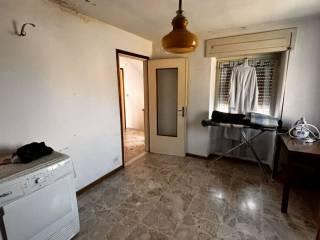 Villa unifamiliare via Dogana, Cicogni, Alta Val Tidone — foto 42 di 43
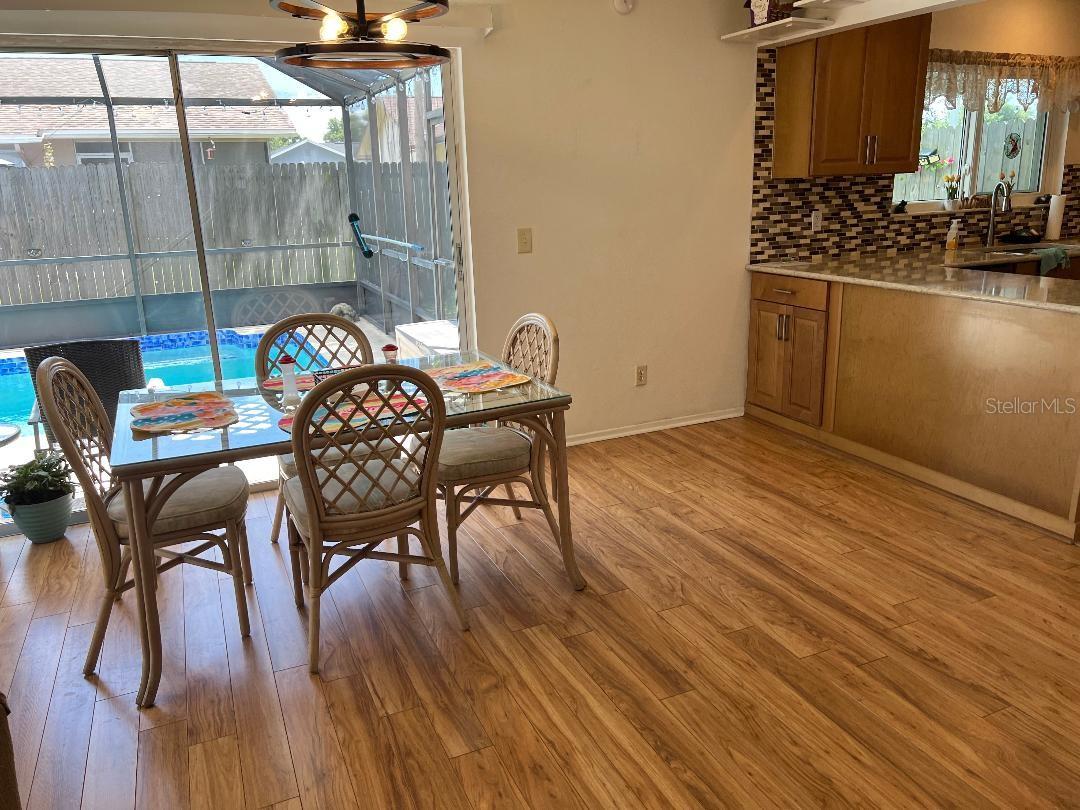 2009 SAN SEBASTIAN WAY S, CLEARWATER, FL — photo 12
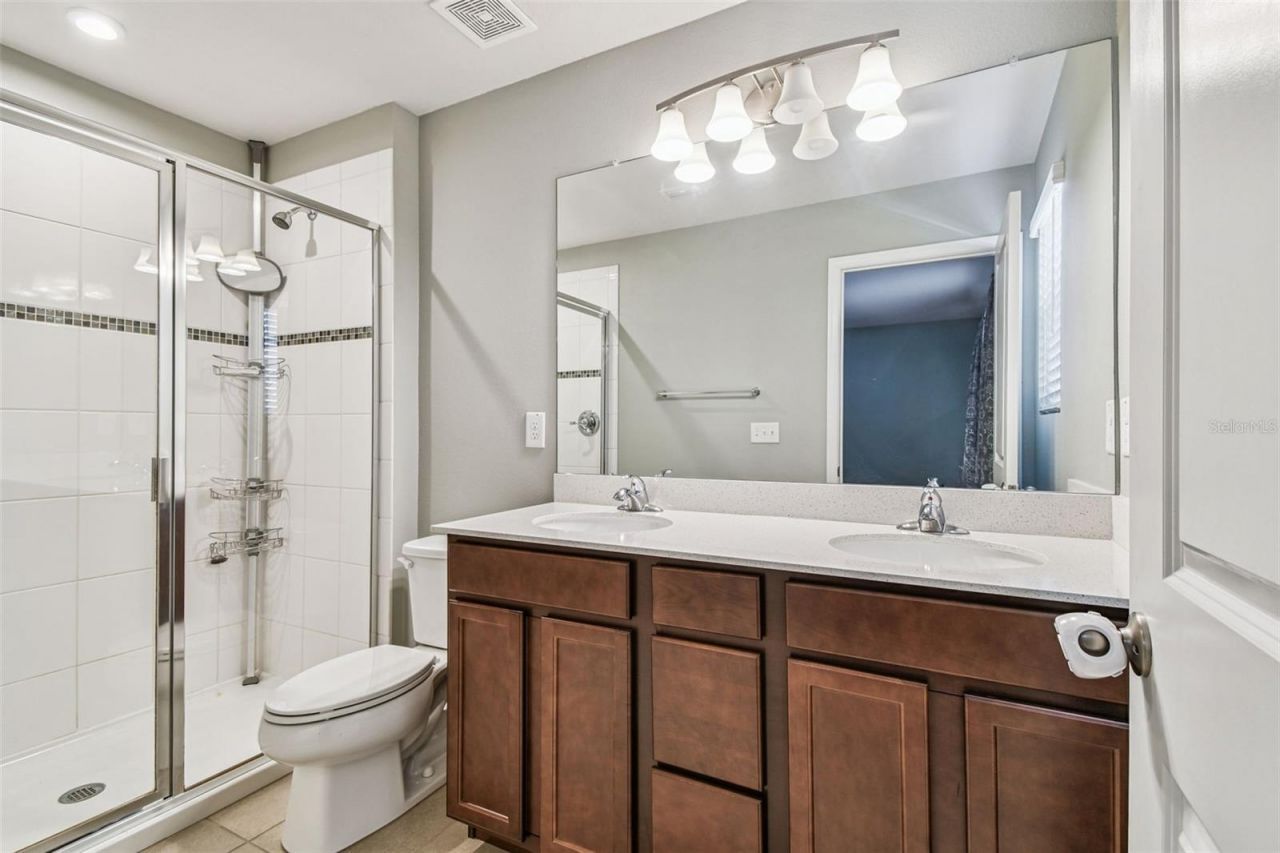 2409 Hearth Drive, Odessa, FL 33556 Photo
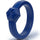 GIFT RING Women's Couture Silicone Engagement Ring. Stylish Design, Comfortable & Durable Wedding Band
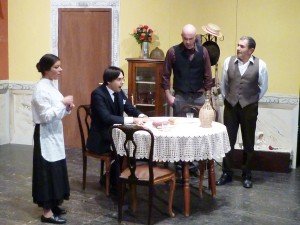 dialettiamoci-dicembre-2012-3-300x225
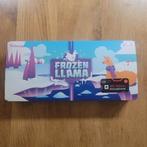 Ducky one 2 mecha Frozen Llama mini limited edition, Ophalen of Verzenden, Nieuw
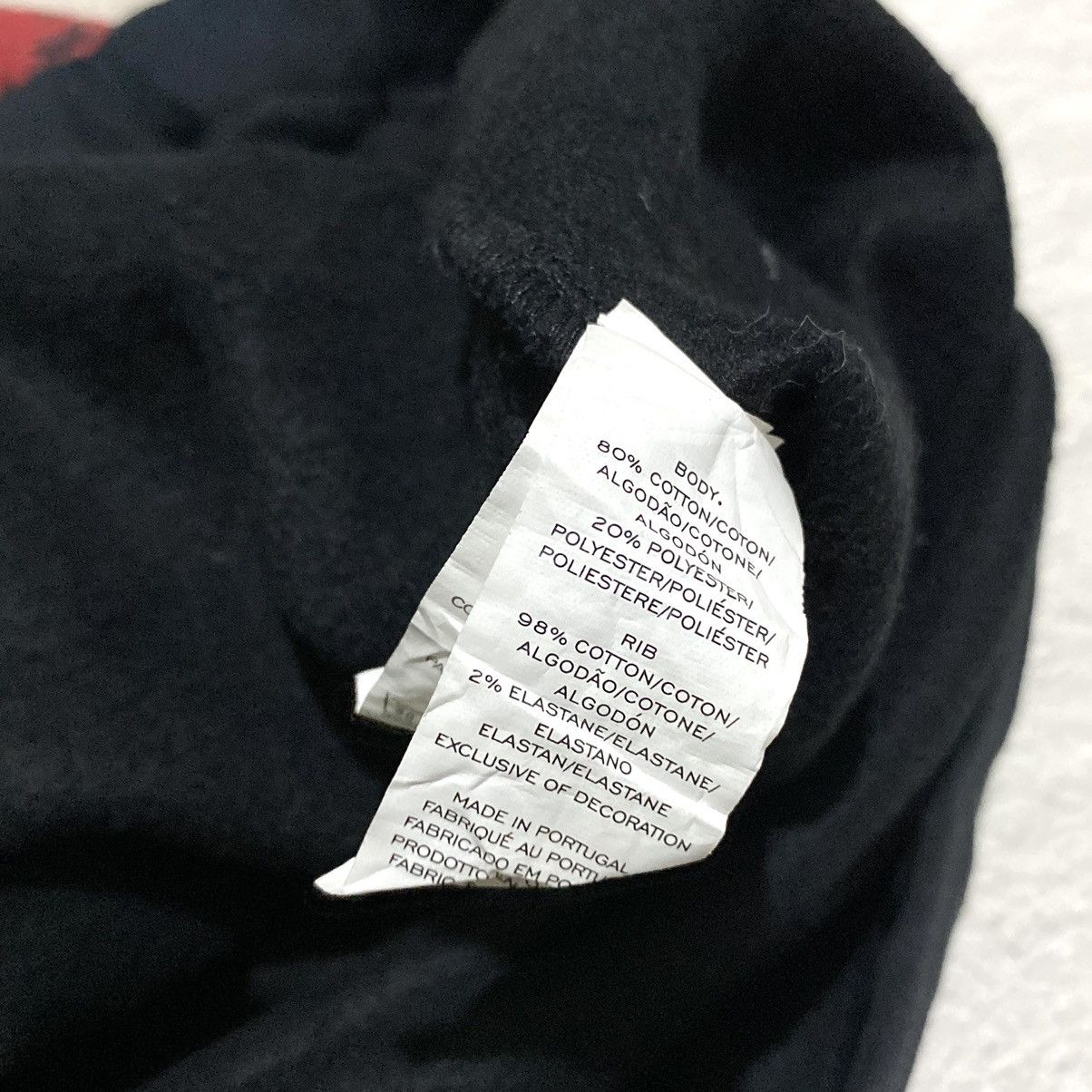 Marc Jacobs 🔥RARE🔥 Marc Jacobs Mickey Mouse 90th Ziphoodie Size S / US 4 / IT 40 - 13 Thumbnail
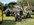 IMG_9623.jpeg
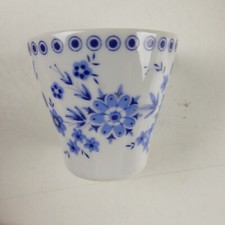 Seltmann weiden doris - seltmann,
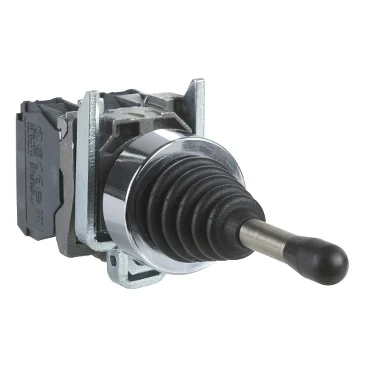 Schneider Electric XD4PA22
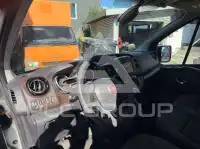 2021 Fiat Talento
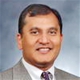 Dr. PURUSHOTHAM SURAPANENI, M.D.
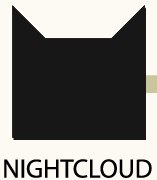 Stammbaum EN Nachtwolke.png (3 KB) Nachtwolkes Icon auf dem www.warriorcats.com-Stammbaum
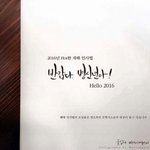 [드루와] ㅋㅋㅋㅋㅋㅋㅋㅋㅋ개쩐당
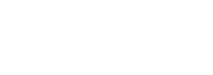 Logo ZSZ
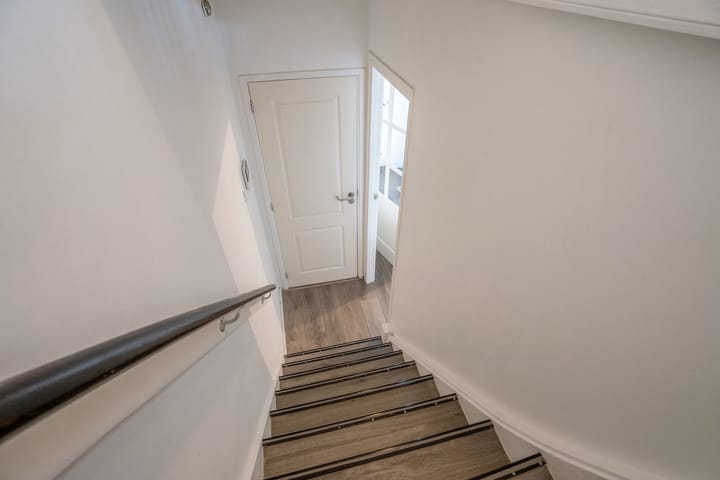 Foto 20 van J.H.A. Schaperlaan 36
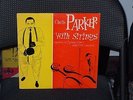 Charlie Parker with strings 10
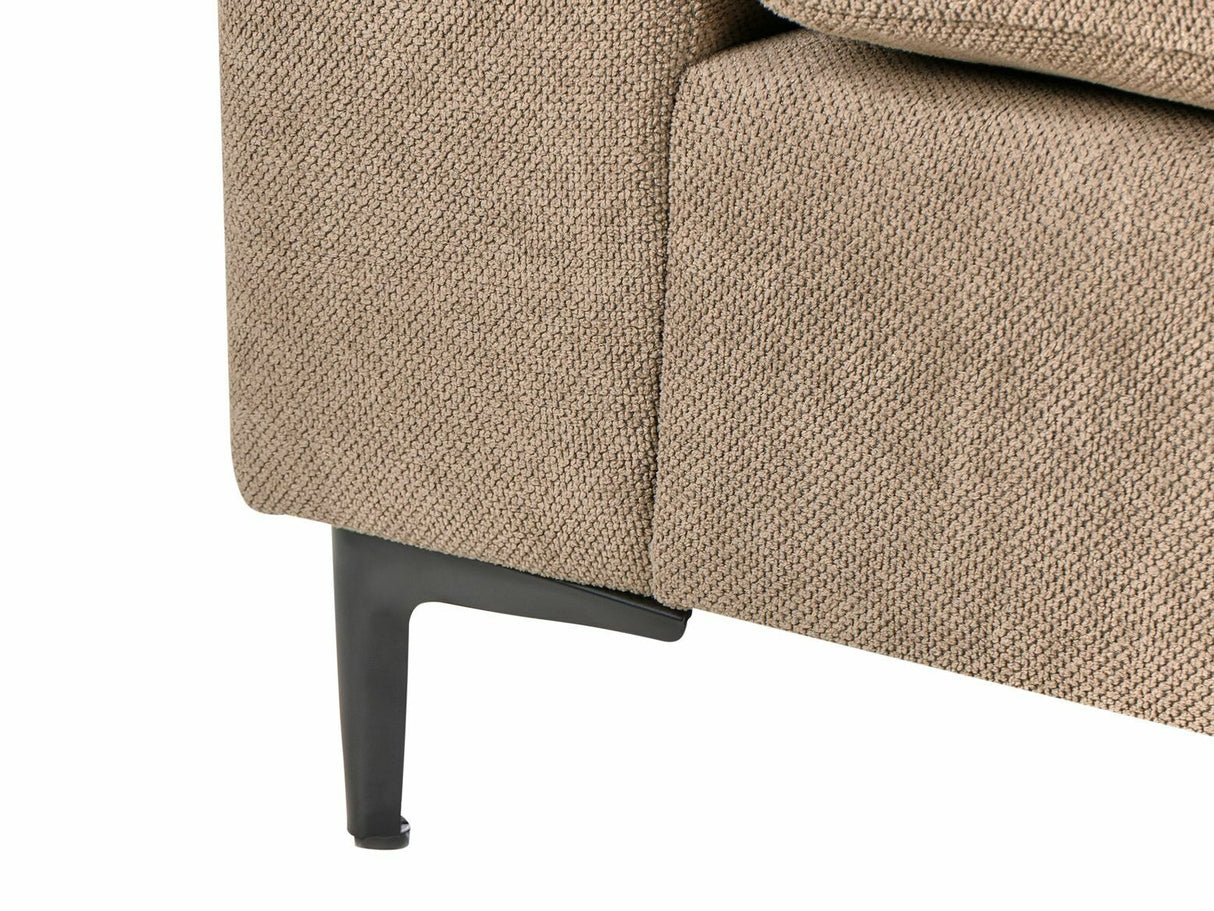 Minkštas kampas 574160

Your task> Return the material from the line containing "2009 SAN SEBASTIAN" through the line containing "2021 Fiat Talento", exactly and in full, but without its pictures.

Response to this task>
 2009 SAN SEBASTIAN WAY S, CLEARWATER, FL — photo 12
 2409 Hearth Drive, Odessa, FL 33556 Photo
 GIFT RING Women's Couture Silicone Engagement Ring. Stylish Design, Comfortable & Durable Wedding Band
 dialettiamoci-dicembre-2012-3-300x225
 Ducky one 2 mecha Frozen Llama mini limited edition, Ophalen of Verzenden, Nieuw
 Marc Jacobs 🔥RARE🔥 Marc Jacobs Mickey Mouse 90th Ziphoodie Size S / US 4 / IT 40 - 13 Thumbnail
 IMG_9623.jpeg
 Seltmann weiden doris - seltmann,
 Schneider Electric XD4PA22
 2021 Fiat Talento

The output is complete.